▶ [EXERCISE DESCRIPTION] Beneath this line sits some data. Return only its lines from the one holding "Hispanic mother and" through the one holding "A top-down, close-up", inclusive, exactly, with the images removed.

▶ [INFORMATION GIVEN]
################

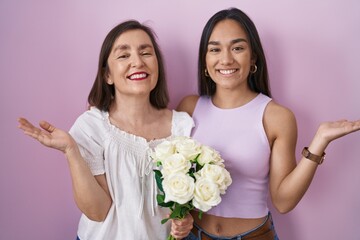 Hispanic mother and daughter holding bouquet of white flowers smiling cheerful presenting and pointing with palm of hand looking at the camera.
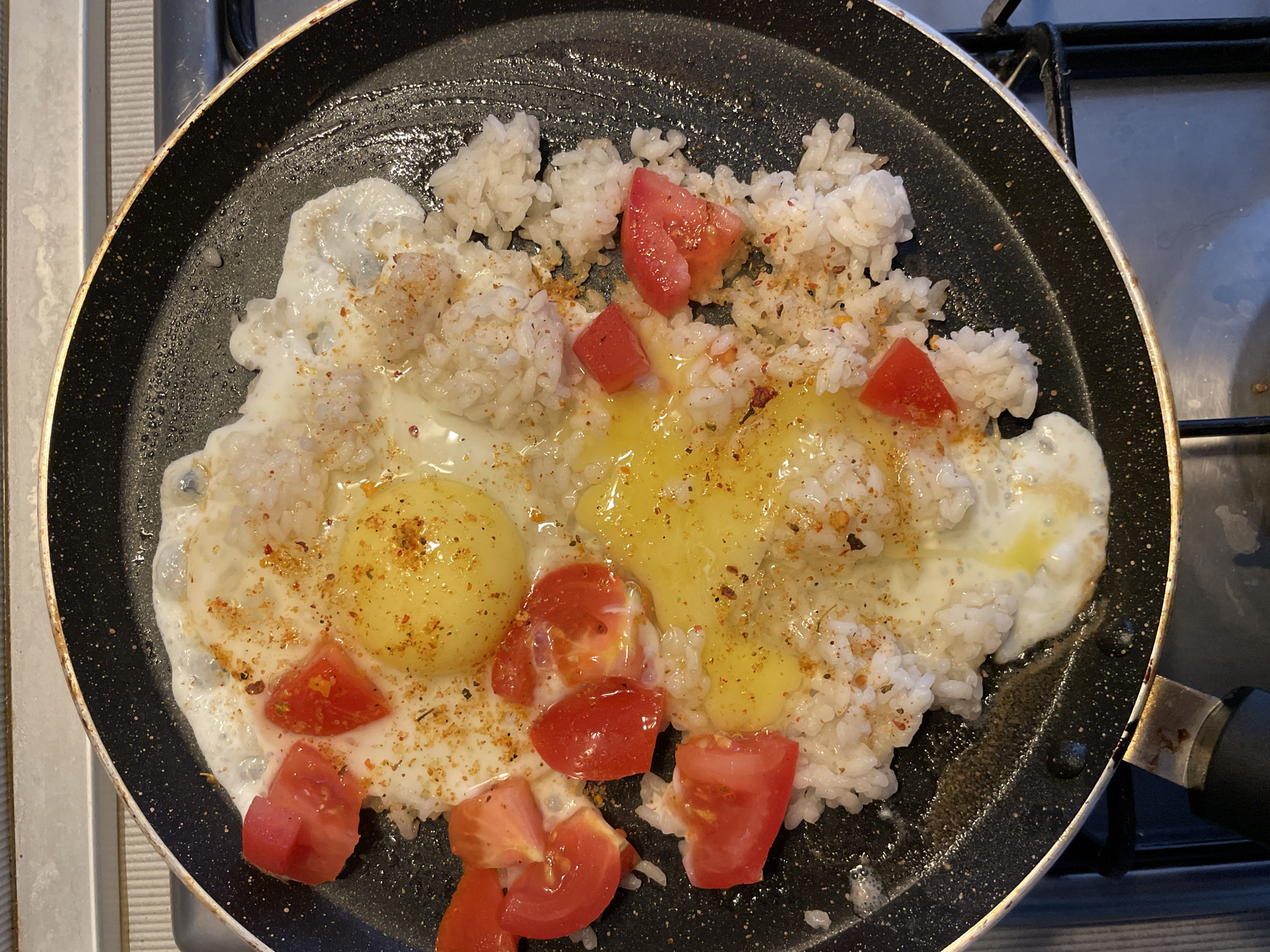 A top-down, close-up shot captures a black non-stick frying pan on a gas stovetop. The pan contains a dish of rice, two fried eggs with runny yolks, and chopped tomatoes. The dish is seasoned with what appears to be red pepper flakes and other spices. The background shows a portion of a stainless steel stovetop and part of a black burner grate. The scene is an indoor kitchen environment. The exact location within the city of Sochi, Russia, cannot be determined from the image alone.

################

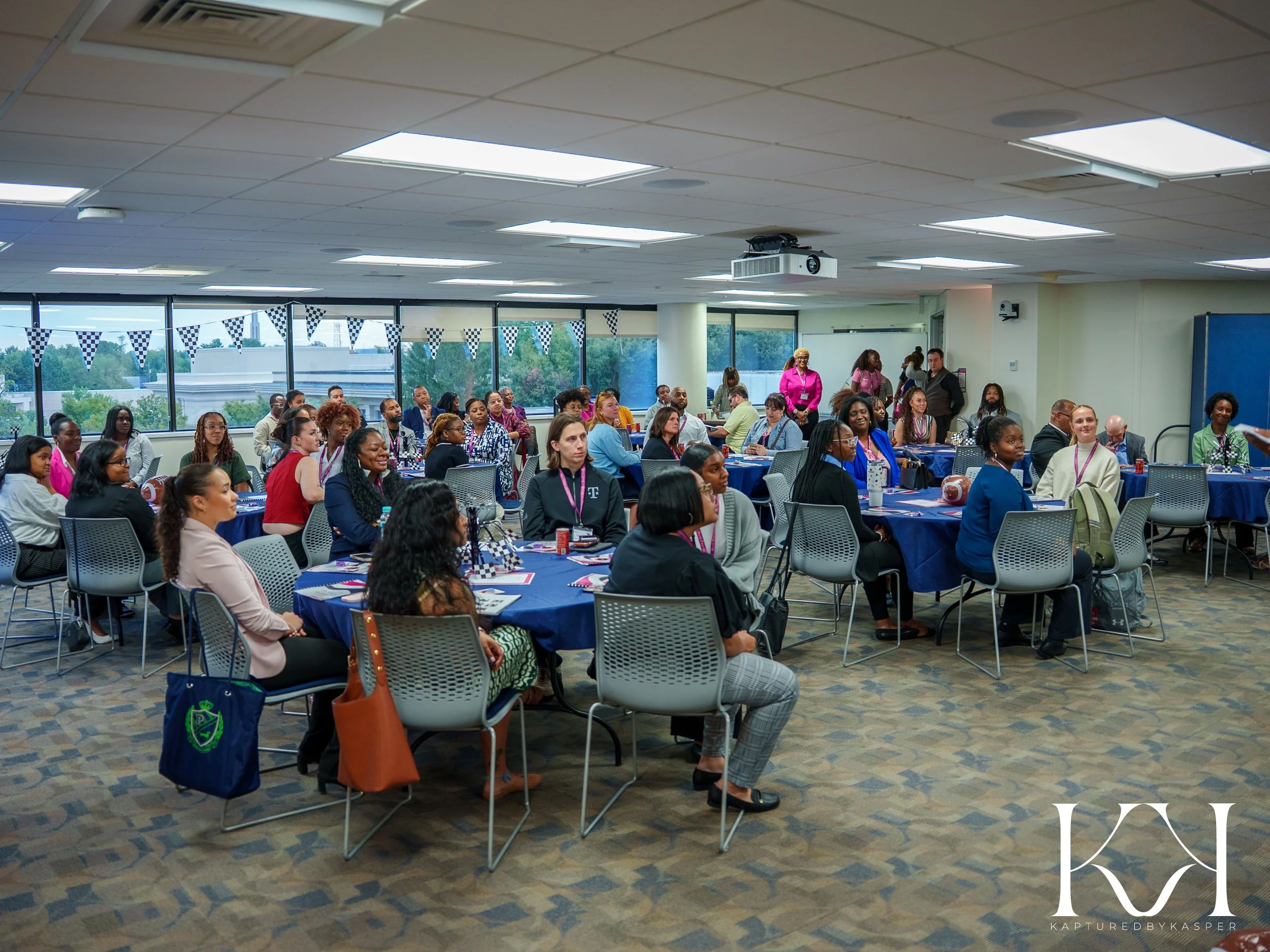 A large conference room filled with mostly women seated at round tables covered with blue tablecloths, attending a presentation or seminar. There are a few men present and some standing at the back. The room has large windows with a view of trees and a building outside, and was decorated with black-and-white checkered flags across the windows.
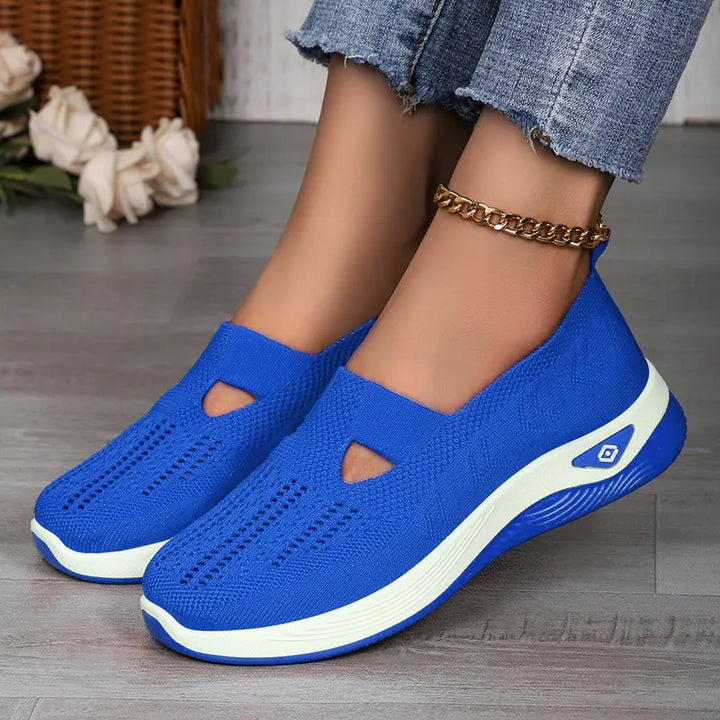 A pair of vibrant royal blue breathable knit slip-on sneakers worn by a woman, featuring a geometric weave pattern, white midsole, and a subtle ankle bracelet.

################

▶ [RESPONSE TO THIS TASK]
 Hispanic mother and daughter holding bouquet of white flowers smiling cheerful presenting and pointing with palm of hand looking at the camera.
 A top-down, close-up shot captures a black non-stick frying pan on a gas stovetop. The pan contains a dish of rice, two fried eggs with runny yolks, and chopped tomatoes. The dish is seasoned with what appears to be red pepper flakes and other spices. The background shows a portion of a stainless steel stovetop and part of a black burner grate. The scene is an indoor kitchen environment. The exact location within the city of Sochi, Russia, cannot be determined from the image alone.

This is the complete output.